Segment Open

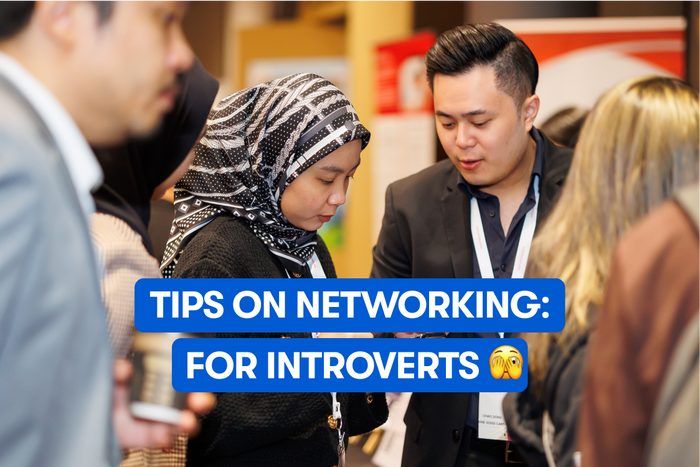 A group of business people networking at an event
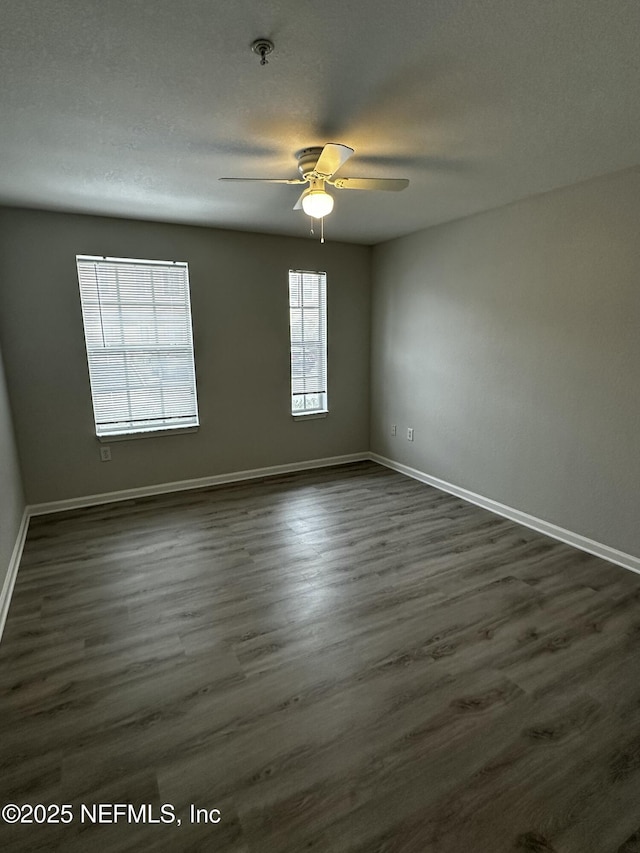 empty room featuring ceiling fan, dark wood-type flooring, and a textured ceiling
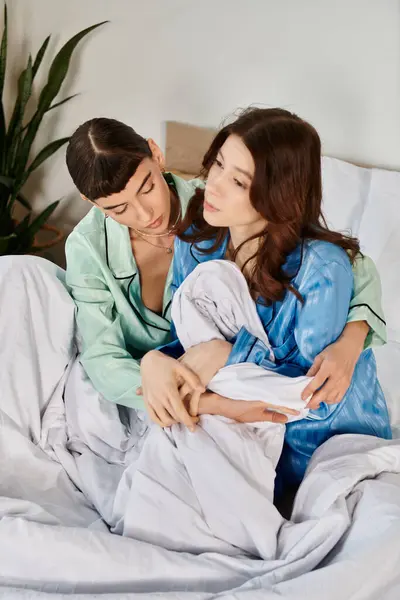 Two young women in pajamas cuddle in bed, sharing a tender moment in the morning light. — Stock Photo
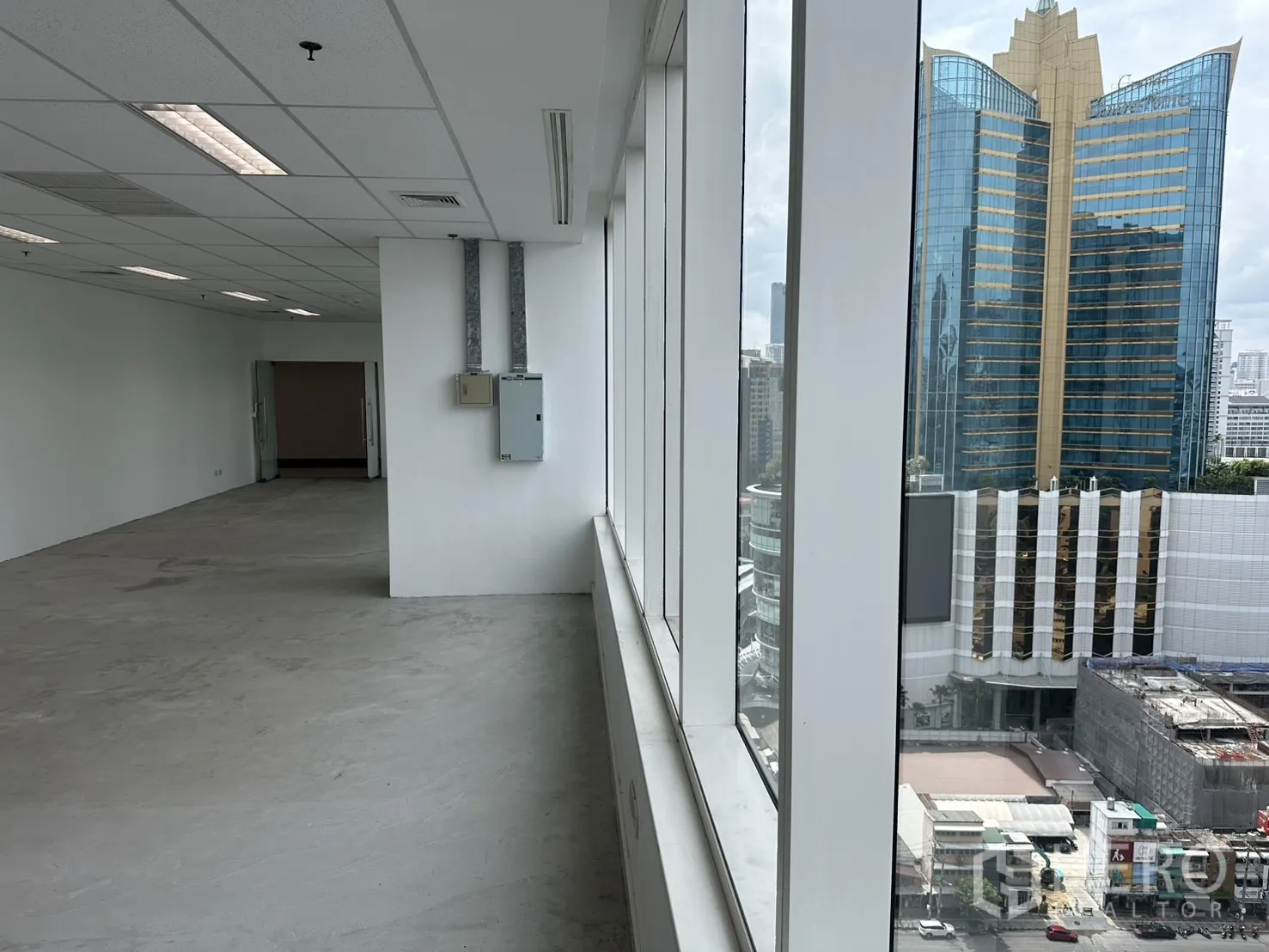 Office Space for rent in Watthana, Bangkok - Window-lined workspace corridor showing high-rise buildings outside.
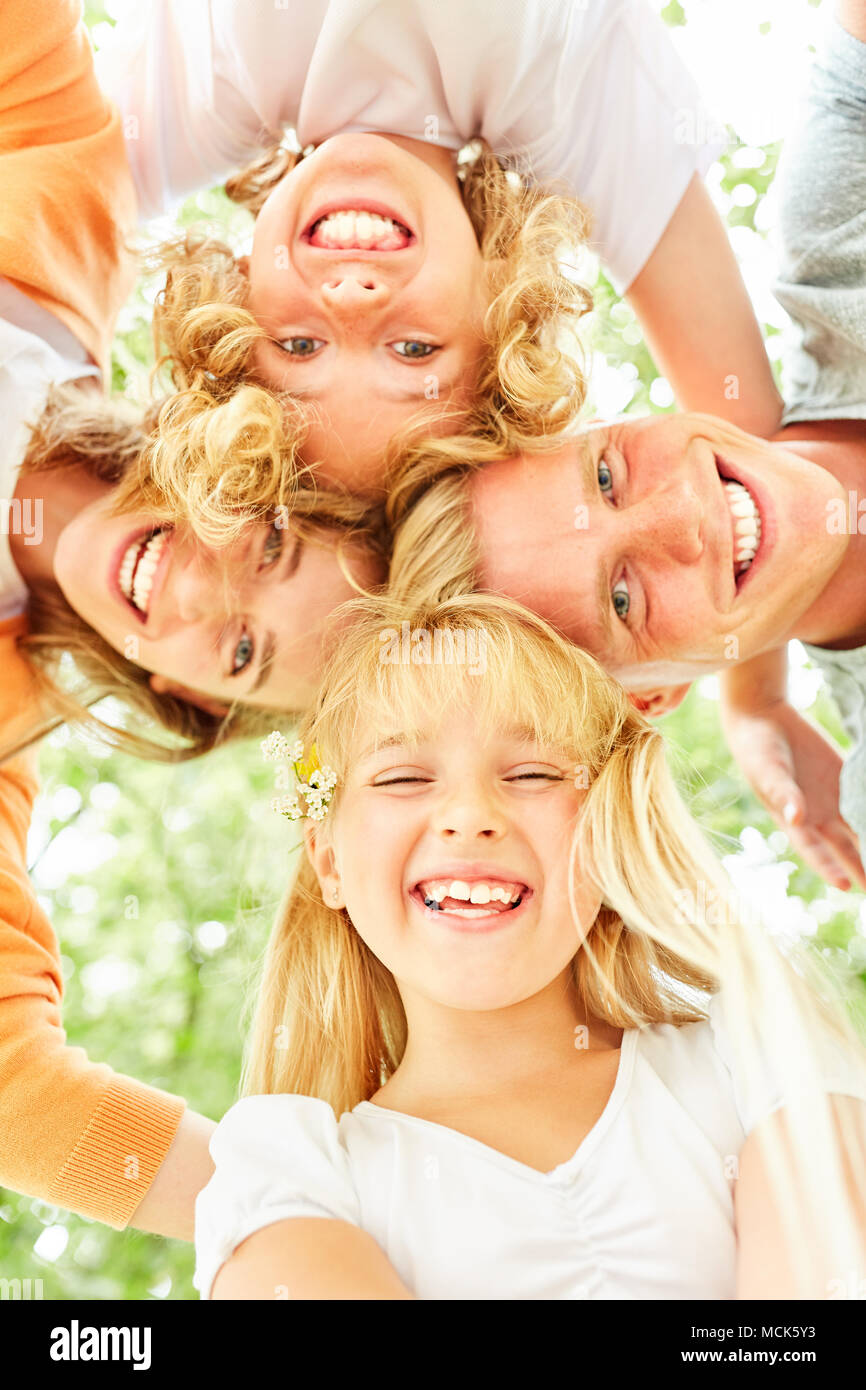Blonde Mädchen und ihre Familie bilden einen Kreis und lachen glücklich Stockfoto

Segment Closed

* How to complete this task: Reproduce, exactly and with no pictures, the lines from the line containing "Office Space for" through the closing line of the data above, keeping both ends.

* Exercise answer:
 Office Space for rent in Watthana, Bangkok - Window-lined workspace corridor showing high-rise buildings outside.
Blonde Mädchen und ihre Familie bilden einen Kreis und lachen glücklich Stockfoto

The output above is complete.